» **BRIEF**:
The entries below must be copied exactly as they are.

----

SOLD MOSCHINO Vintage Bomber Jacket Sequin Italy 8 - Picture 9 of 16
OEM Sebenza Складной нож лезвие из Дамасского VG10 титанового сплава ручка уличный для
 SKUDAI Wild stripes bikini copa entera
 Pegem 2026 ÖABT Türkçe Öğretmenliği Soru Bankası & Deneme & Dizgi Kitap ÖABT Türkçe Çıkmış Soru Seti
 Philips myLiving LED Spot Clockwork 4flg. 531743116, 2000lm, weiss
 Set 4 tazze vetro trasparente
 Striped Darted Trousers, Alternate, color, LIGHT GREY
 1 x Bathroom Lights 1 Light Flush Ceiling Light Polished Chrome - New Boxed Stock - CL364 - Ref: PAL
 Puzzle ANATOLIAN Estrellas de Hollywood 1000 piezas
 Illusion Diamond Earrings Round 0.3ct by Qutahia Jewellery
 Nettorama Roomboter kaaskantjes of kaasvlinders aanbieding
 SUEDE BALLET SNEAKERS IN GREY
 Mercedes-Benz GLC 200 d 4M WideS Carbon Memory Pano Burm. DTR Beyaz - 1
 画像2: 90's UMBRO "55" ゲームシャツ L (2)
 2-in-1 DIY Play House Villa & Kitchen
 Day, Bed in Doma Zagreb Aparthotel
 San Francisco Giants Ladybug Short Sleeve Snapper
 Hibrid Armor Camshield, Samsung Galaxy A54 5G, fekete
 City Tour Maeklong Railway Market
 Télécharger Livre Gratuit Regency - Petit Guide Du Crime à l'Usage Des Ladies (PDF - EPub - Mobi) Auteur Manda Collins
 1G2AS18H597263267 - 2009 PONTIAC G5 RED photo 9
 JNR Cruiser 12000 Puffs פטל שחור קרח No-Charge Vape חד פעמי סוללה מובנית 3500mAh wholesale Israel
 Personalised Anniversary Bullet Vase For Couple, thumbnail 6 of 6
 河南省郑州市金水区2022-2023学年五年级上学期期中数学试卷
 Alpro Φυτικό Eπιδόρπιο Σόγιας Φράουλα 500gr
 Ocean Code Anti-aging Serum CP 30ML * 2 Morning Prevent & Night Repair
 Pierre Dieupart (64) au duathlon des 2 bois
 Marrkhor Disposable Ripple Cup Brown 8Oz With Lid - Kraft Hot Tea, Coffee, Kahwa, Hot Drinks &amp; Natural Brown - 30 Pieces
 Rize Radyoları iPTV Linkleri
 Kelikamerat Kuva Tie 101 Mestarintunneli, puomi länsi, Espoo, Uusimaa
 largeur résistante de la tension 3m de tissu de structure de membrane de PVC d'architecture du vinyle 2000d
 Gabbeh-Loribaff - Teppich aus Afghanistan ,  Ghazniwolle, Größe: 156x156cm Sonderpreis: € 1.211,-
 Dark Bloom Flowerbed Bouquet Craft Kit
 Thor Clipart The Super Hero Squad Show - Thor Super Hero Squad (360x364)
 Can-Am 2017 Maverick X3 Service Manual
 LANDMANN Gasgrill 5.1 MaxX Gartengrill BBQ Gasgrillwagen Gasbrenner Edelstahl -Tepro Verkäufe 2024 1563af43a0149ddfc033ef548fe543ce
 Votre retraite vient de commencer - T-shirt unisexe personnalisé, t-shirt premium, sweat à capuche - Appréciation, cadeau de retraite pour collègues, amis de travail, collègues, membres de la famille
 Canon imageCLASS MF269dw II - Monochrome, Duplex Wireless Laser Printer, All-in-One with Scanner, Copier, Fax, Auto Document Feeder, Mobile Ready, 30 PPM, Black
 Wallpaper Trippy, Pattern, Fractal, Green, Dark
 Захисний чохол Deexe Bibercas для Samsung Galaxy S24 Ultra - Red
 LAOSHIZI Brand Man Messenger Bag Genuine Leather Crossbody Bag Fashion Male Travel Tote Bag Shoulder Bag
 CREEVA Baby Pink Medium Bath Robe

----

» **EXERCISE ANSWER**:
SOLD MOSCHINO Vintage Bomber Jacket Sequin Italy 8 - Picture 9 of 16
OEM Sebenza Складной нож лезвие из Дамасского VG10 титанового сплава ручка уличный для
 SKUDAI Wild stripes bikini copa entera
 Pegem 2026 ÖABT Türkçe Öğretmenliği Soru Bankası & Deneme & Dizgi Kitap ÖABT Türkçe Çıkmış Soru Seti
 Philips myLiving LED Spot Clockwork 4flg. 531743116, 2000lm, weiss
 Set 4 tazze vetro trasparente
 Striped Darted Trousers, Alternate, color, LIGHT GREY
 1 x Bathroom Lights 1 Light Flush Ceiling Light Polished Chrome - New Boxed Stock - CL364 - Ref: PAL
 Puzzle ANATOLIAN Estrellas de Hollywood 1000 piezas
 Illusion Diamond Earrings Round 0.3ct by Qutahia Jewellery
 Nettorama Roomboter kaaskantjes of kaasvlinders aanbieding
 SUEDE BALLET SNEAKERS IN GREY
 Mercedes-Benz GLC 200 d 4M WideS Carbon Memory Pano Burm. DTR Beyaz - 1
 画像2: 90's UMBRO "55" ゲームシャツ L (2)
 2-in-1 DIY Play House Villa & Kitchen
 Day, Bed in Doma Zagreb Aparthotel
 San Francisco Giants Ladybug Short Sleeve Snapper
 Hibrid Armor Camshield, Samsung Galaxy A54 5G, fekete
 City Tour Maeklong Railway Market
 Télécharger Livre Gratuit Regency - Petit Guide Du Crime à l'Usage Des Ladies (PDF - EPub - Mobi) Auteur Manda Collins
 1G2AS18H597263267 - 2009 PONTIAC G5 RED photo 9
 JNR Cruiser 12000 Puffs פטל שחור קרח No-Charge Vape חד פעמי סוללה מובנית 3500mAh wholesale Israel
 Personalised Anniversary Bullet Vase For Couple, thumbnail 6 of 6
 河南省郑州市金水区2022-2023学年五年级上学期期中数学试卷
 Alpro Φυτικό Eπιδόρπιο Σόγιας Φράουλα 500gr
 Ocean Code Anti-aging Serum CP 30ML * 2 Morning Prevent & Night Repair
 Pierre Dieupart (64) au duathlon des 2 bois
 Marrkhor Disposable Ripple Cup Brown 8Oz With Lid - Kraft Hot Tea, Coffee, Kahwa, Hot Drinks &amp; Natural Brown - 30 Pieces
 Rize Radyoları iPTV Linkleri
 Kelikamerat Kuva Tie 101 Mestarintunneli, puomi länsi, Espoo, Uusimaa
 largeur résistante de la tension 3m de tissu de structure de membrane de PVC d'architecture du vinyle 2000d
 Gabbeh-Loribaff - Teppich aus Afghanistan ,  Ghazniwolle, Größe: 156x156cm Sonderpreis: € 1.211,-
 Dark Bloom Flowerbed Bouquet Craft Kit
 Thor Clipart The Super Hero Squad Show - Thor Super Hero Squad (360x364)
 Can-Am 2017 Maverick X3 Service Manual
 LANDMANN Gasgrill 5.1 MaxX Gartengrill BBQ Gasgrillwagen Gasbrenner Edelstahl -Tepro Verkäufe 2024 1563af43a0149ddfc033ef548fe543ce
 Votre retraite vient de commencer - T-shirt unisexe personnalisé, t-shirt premium, sweat à capuche - Appréciation, cadeau de retraite pour collègues, amis de travail, collègues, membres de la famille
 Canon imageCLASS MF269dw II - Monochrome, Duplex Wireless Laser Printer, All-in-One with Scanner, Copier, Fax, Auto Document Feeder, Mobile Ready, 30 PPM, Black
 Wallpaper Trippy, Pattern, Fractal, Green, Dark
 Захисний чохол Deexe Bibercas для Samsung Galaxy S24 Ultra - Red
 LAOSHIZI Brand Man Messenger Bag Genuine Leather Crossbody Bag Fashion Male Travel Tote Bag Shoulder Bag
 CREEVA Baby Pink Medium Bath Robe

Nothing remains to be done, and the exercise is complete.